EXERCISE PROMPT.
With the pictures removed, please write out every line below exactly as given.

Recorded data

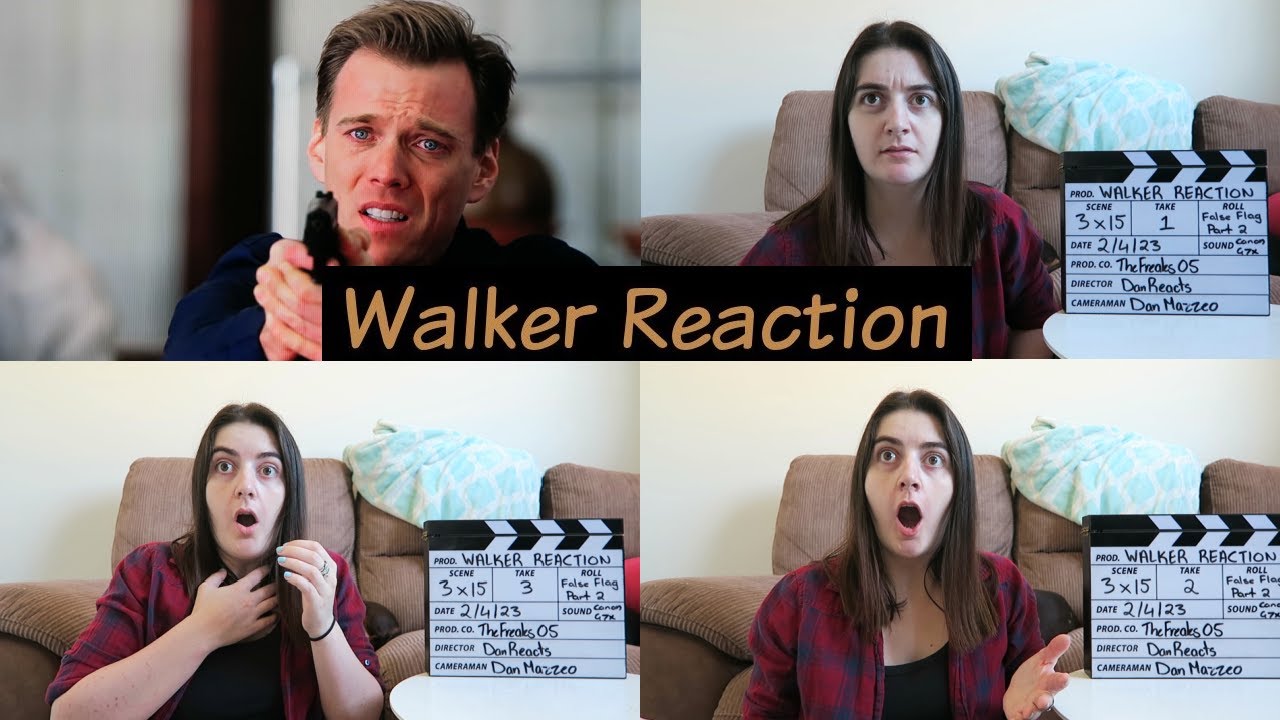 Walker Season 3x15 Reaction "False Flag Part 2"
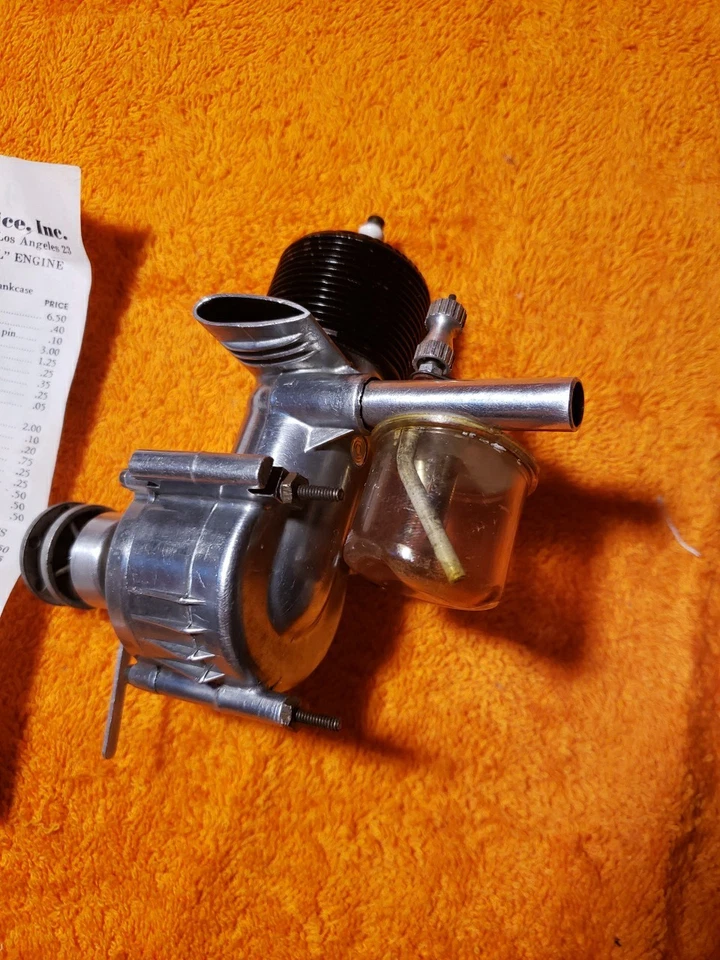 Ohlsson & Rice Engine - Vintage O&R 60 Special Motor - Image 3 of 4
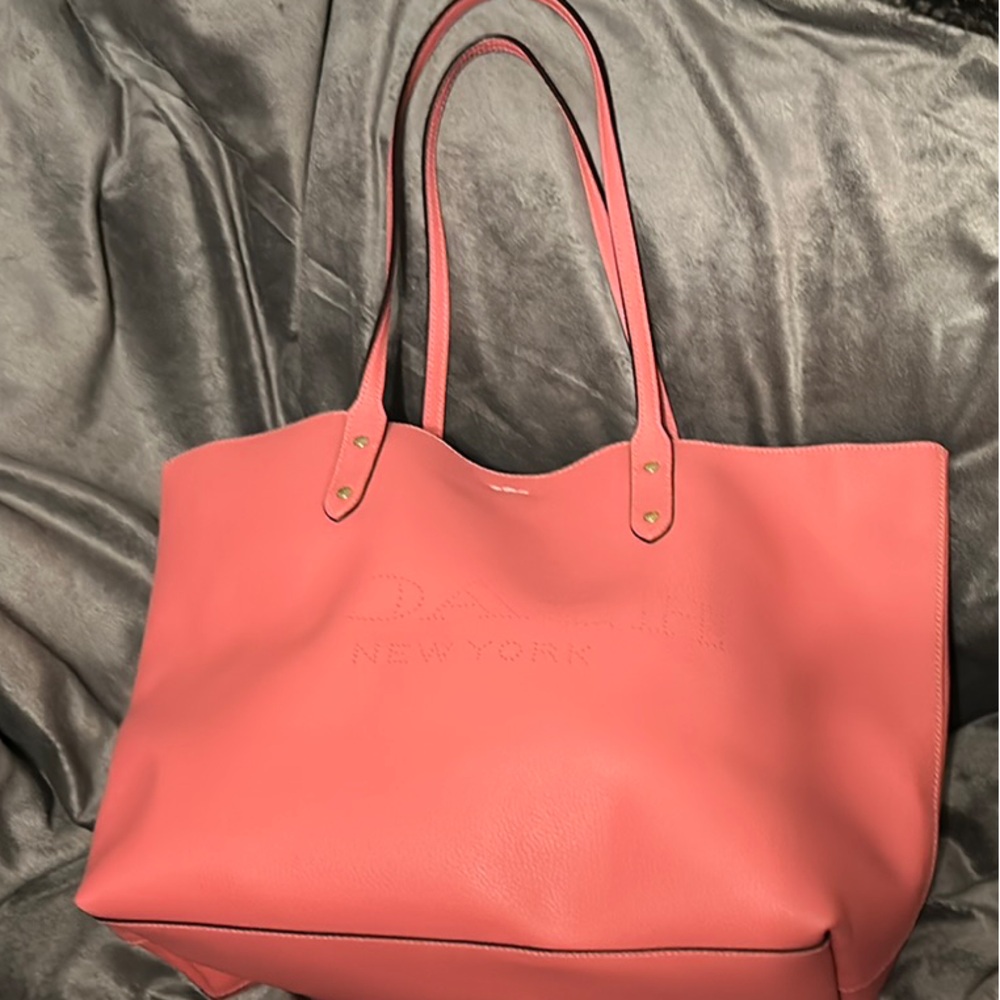 Coach Coral Tote Bag EUC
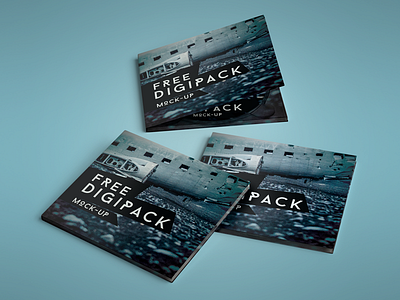 Free Digipack Mockup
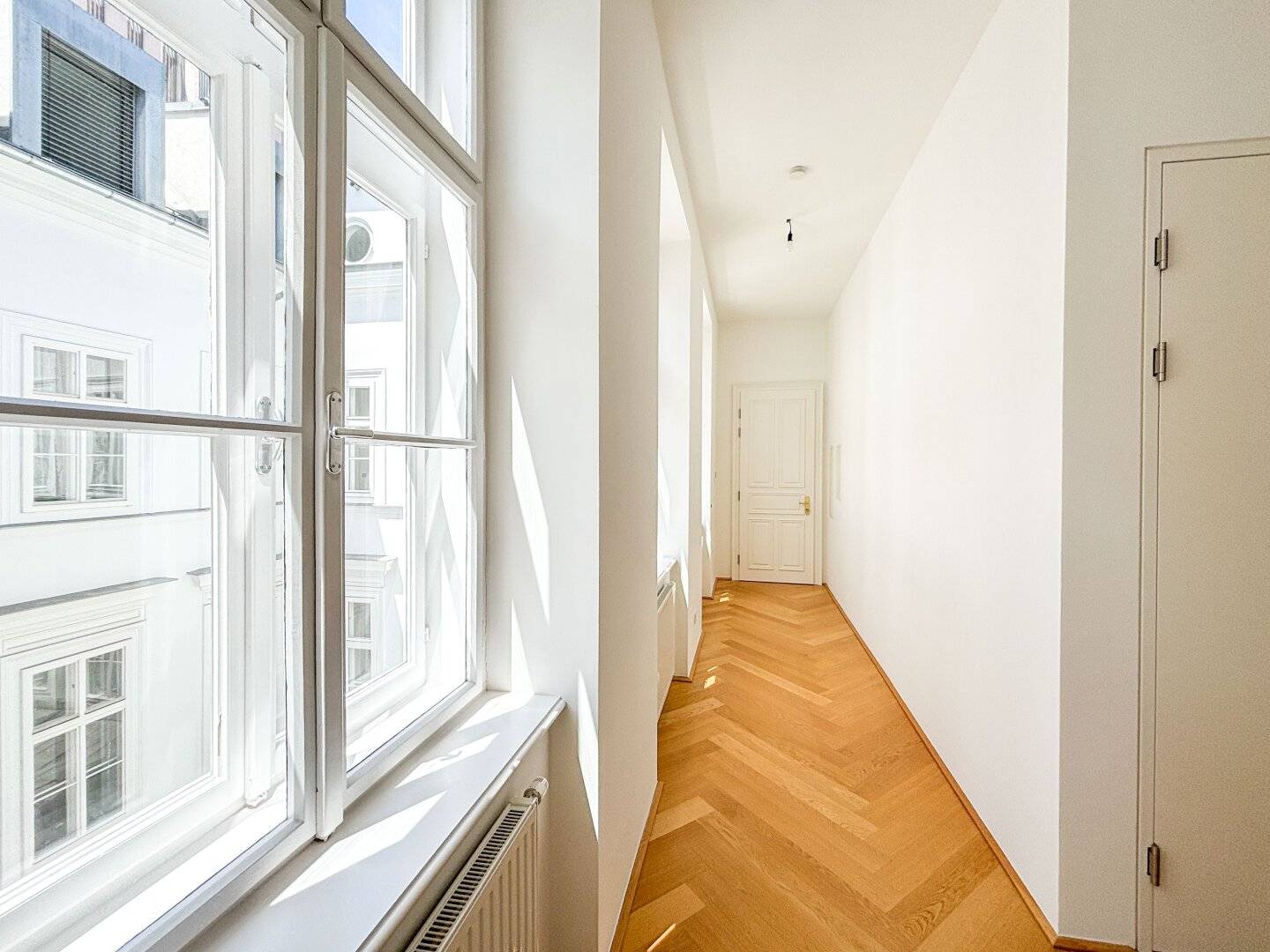 Wiener Altbau in Perfektion – Exklusiv wohnen mit Stil  /// Nähe Schottenring-Börse-Rudolfspark
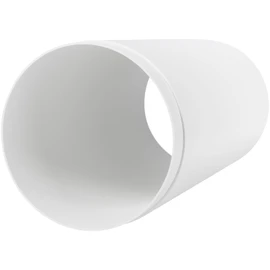 HVAC OV 6" Inch Adjustable Round Plastic Duct - Exhaust & Air Supply Duct - Extendable Pipe 12 to 20 Inches - Heating & Cooling, HVAC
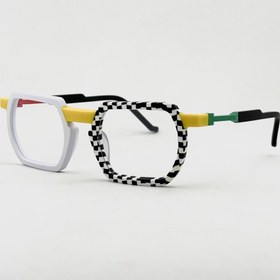 تصویر عینک فانتزی چندرنگ Acetate 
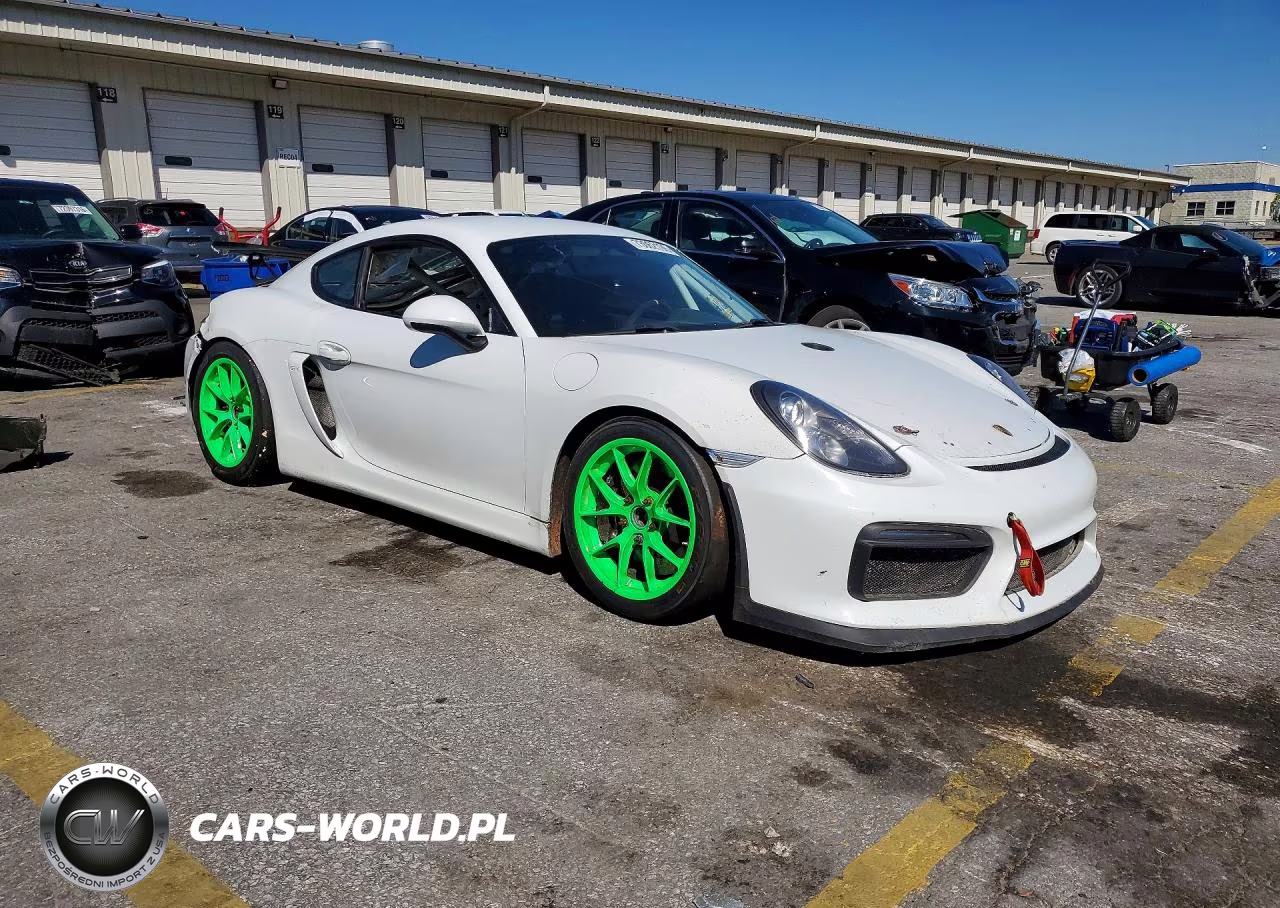 2016 Porsche Cayman Gt4 VIN:WP0ZZZ98ZGK199692 - 4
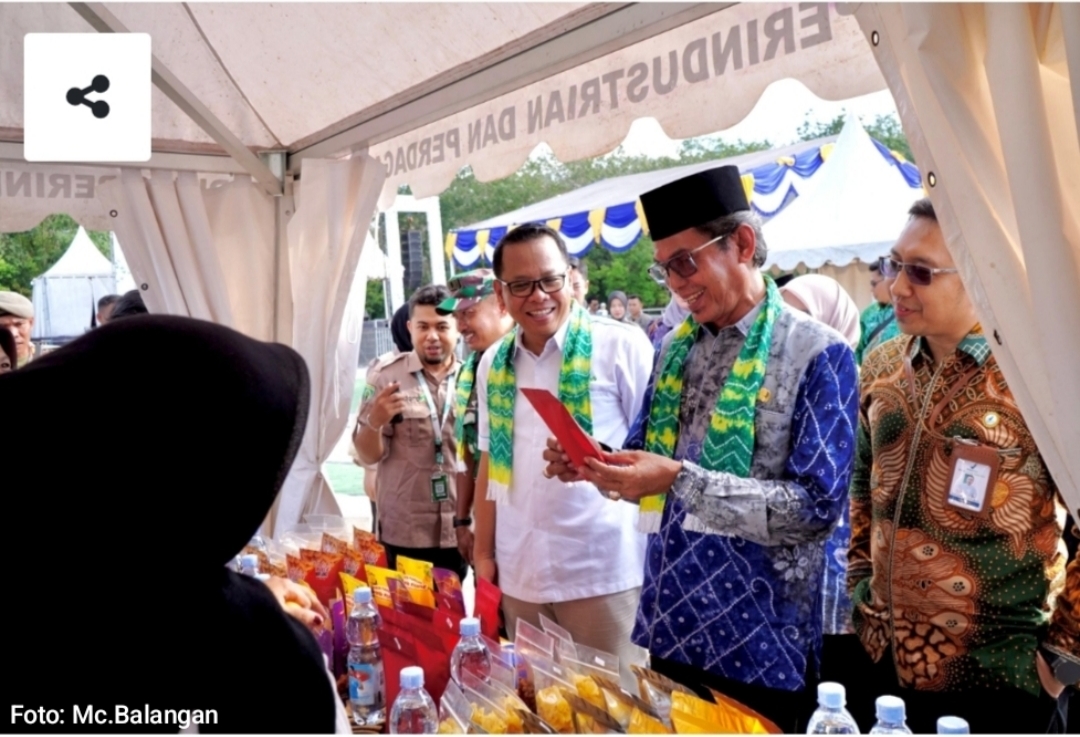 Adaro Spectapreneur Balangan 2025, Panggung Strategis UMKM Lokal Menuju Kelas Nasional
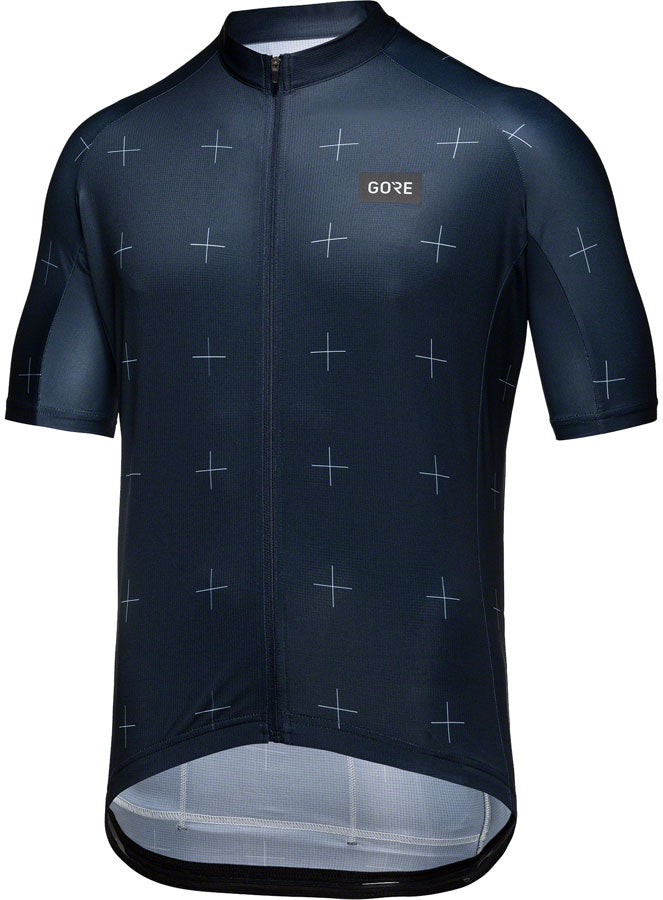 Gorewear Daily Jersey - Orbit Blue/White Mens X-Large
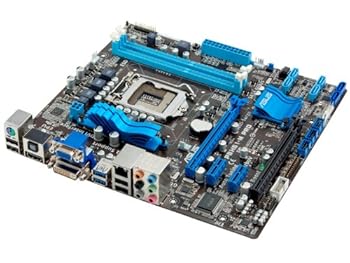 【中古】(非常に良い)ASUSTek Intel Scket LGA1155 B3ステッピングチップセット μATXマザーボード P8H61-M PRO [REV 3.0]｜ハッピーストア藤岡
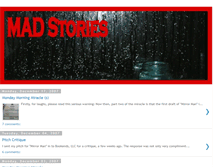 Tablet Screenshot of mad-stories.blogspot.com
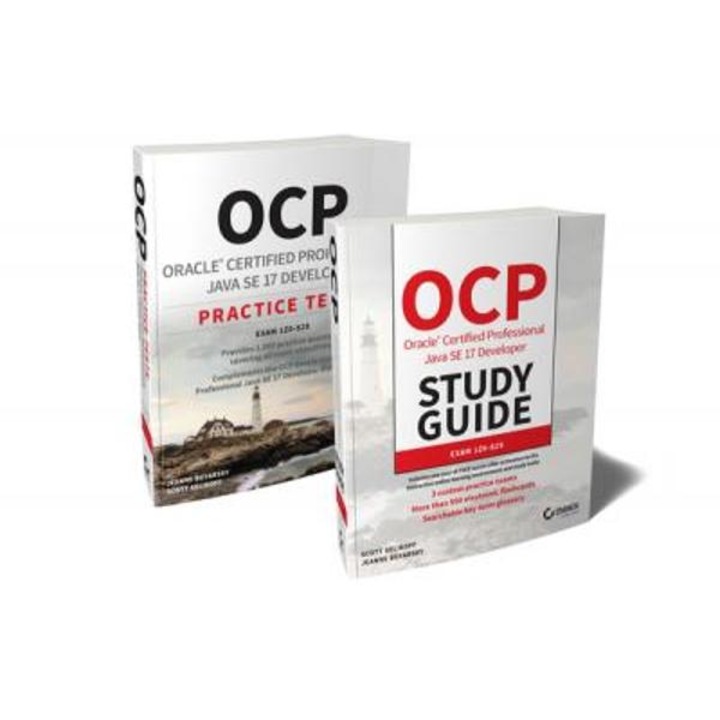 Ocp Oracle Certified Professional Java Se 17 Developer Certification Kit: Exam 1z0-829 - Jeanne Boyarsky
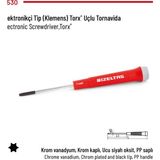 Klemens Tornavida Torx Uçlu T9
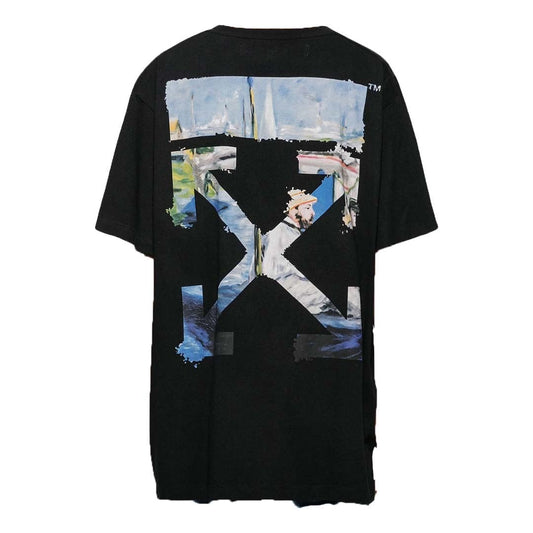 Off-White Colored Arrows Oversized Black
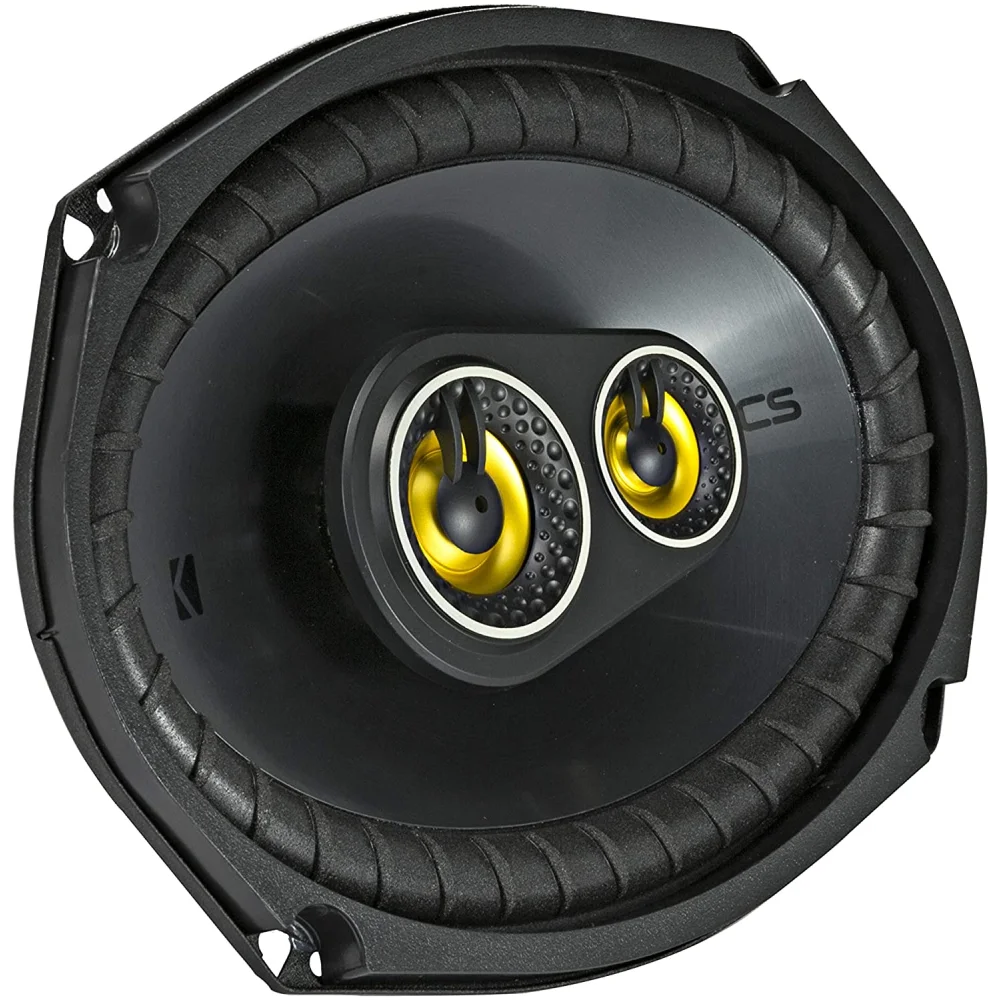 Kicker Cs 6 x 9 Coaxial Speakers - Kicker Car Audio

RESPONSE TO THIS TASK.
 Walker Season 3x15 Reaction "False Flag Part 2"
 Ohlsson & Rice Engine - Vintage O&R 60 Special Motor - Image 3 of 4
 Coach Coral Tote Bag EUC
 Free Digipack Mockup
 Wiener Altbau in Perfektion – Exklusiv wohnen mit Stil  /// Nähe Schottenring-Börse-Rudolfspark
 HVAC OV 6" Inch Adjustable Round Plastic Duct - Exhaust & Air Supply Duct - Extendable Pipe 12 to 20 Inches - Heating & Cooling, HVAC
 تصویر عینک فانتزی چندرنگ Acetate 
 2016 Porsche Cayman Gt4 VIN:WP0ZZZ98ZGK199692 - 4
 Adaro Spectapreneur Balangan 2025, Panggung Strategis UMKM Lokal Menuju Kelas Nasional
 Gorewear Daily Jersey - Orbit Blue/White Mens X-Large
 【中古】(非常に良い)ASUSTek Intel Scket LGA1155 B3ステッピングチップセット μATXマザーボード P8H61-M PRO [REV 3.0]｜ハッピーストア藤岡
 Tablet Screenshot of mad-stories.blogspot.com
 Ocp Oracle Certified Professional Java Se 17 Developer Certification Kit: Exam 1z0-829 - Jeanne Boyarsky
 Klemens Tornavida Torx Uçlu T9
 Off-White Colored Arrows Oversized Black
 Kicker Cs 6 x 9 Coaxial Speakers - Kicker Car Audio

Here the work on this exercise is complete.